The project goal is for the effective management and coordination in terms of a national geothermal energy research, development, and demonstration program.

== The Geothermal Loan Guarantee Program (GLGP) ==
The act gives the Chairman of the Project the authority to designate an appropriate Federal agency to guarantee loans for the commercial applications of geothermal energy. The head of the designated agency is authorized, in consultation with the Secretary of the Treasury, to guarantee loans from lenders to qualified borrowers for the development of geothermal energy projects.

As of 1980, the program was managed by the Assistant Secretary for Resource Applications at the Department of Energy (DOE).

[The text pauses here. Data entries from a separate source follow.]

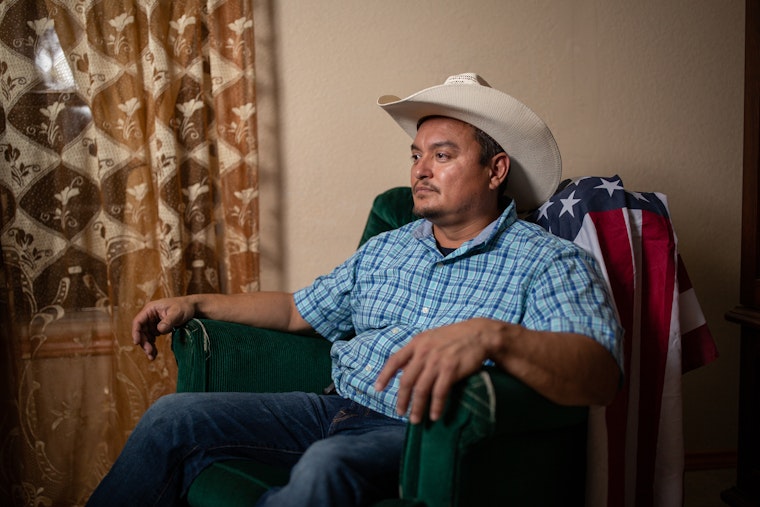 A man in a cowboy hat sitting in an armchair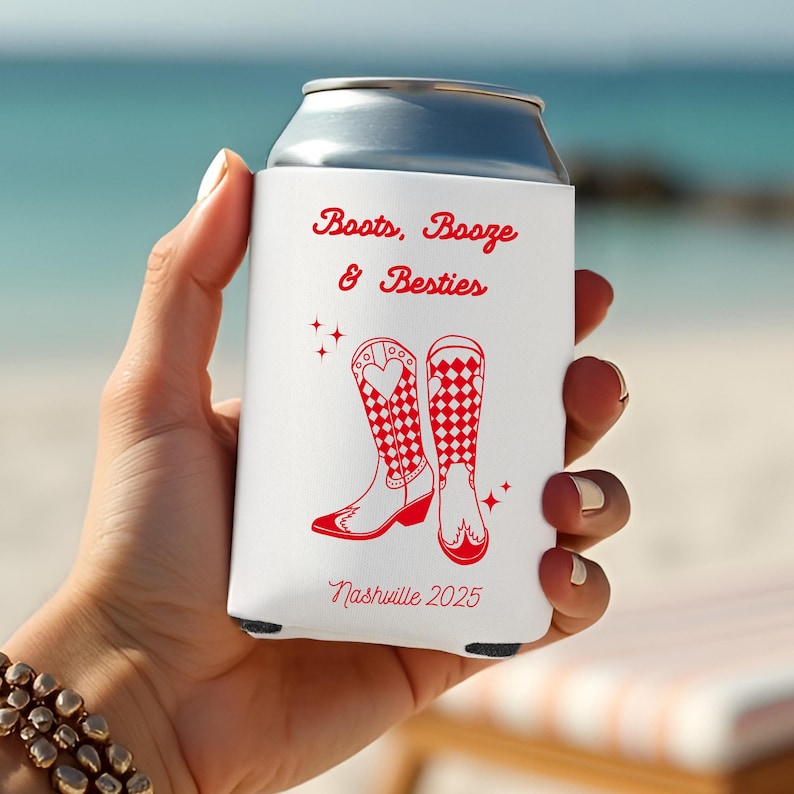 K&ouml;nnte beinhalten: Ein wei&szlig;er Getr&auml;nkedosenk&uuml;hler mit rotem Text und Grafiken. Der Text lautet "Boots, Booze & Besties" und "Nashville 2025". Die Grafik zeigt zwei rote Cowboy-Stiefel mit Herz- und Karomustern.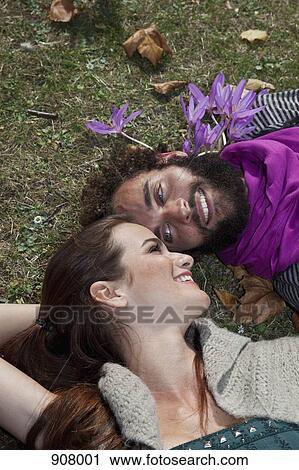 A couple lying in the grass View Large Photo Image Stock Image - A couple lying in the grass. Fotosearch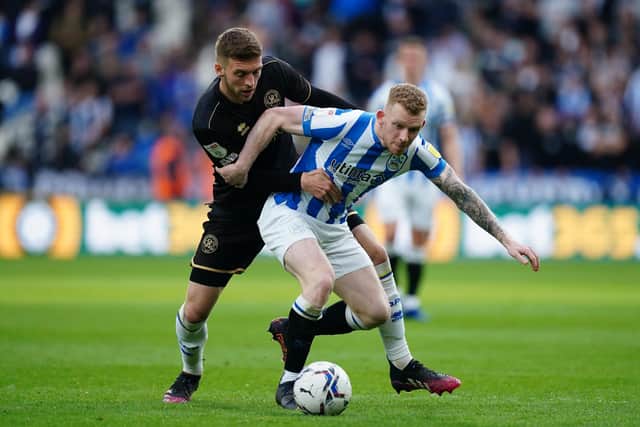 Queens Park Rangers' Sam Field and Huddersfield Town's Lewis O'Brien (right) battle for the ball.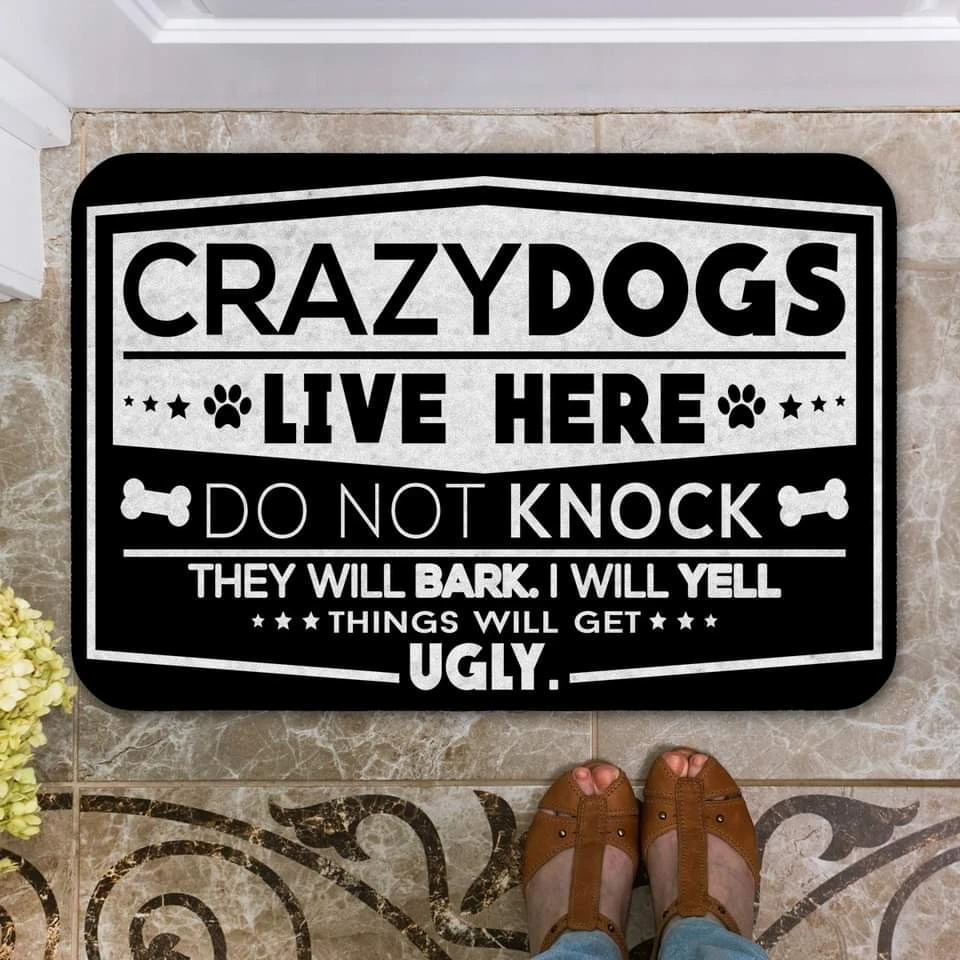 Crazy dogs live here do not knock doormat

=== Geothermal Resource Development Fund ===
The act also gives the Treasury of the United States the Geothermal Resource Development Fund for the head of the designated agency to provide loan guaranties as well as to provide the interest assistance program authorized by the act.

=== Loan limits ===
With the GLGP, 100% of a loan could have a federal guarantee with a limit of the loan being 75% of project costs. This was subsequently amended in 1980 to allow for a federal guarantee of 90% of the total aggregate project cost providing that the applicant was an electric, housing or other cooperative or a municipality. The limitations, however, were:

- The loans were limited to $100 million per project.
- No qualified borrower was to receive more than $200 million in loans.

== Criticism ==
According to paper presented at the World Geothermal Congress in 2005 of the International Geothermal Association, the program had two deficiencies:

- The strict guidelines of the loan guaranty left those who could have likely received the loans without the guarantee as the most likely candidates for the program.
- Utilities avoided the program because default, even with the guarantee program, would have been a detriment to their credit ratings.

Source:

== Reporting requirements ==
The chairman of the project shall submit annual reports to the President and Congress, and to provide as an accurate a judgement as is possible as to the extent that the act met its objectives by June. 30, 1980.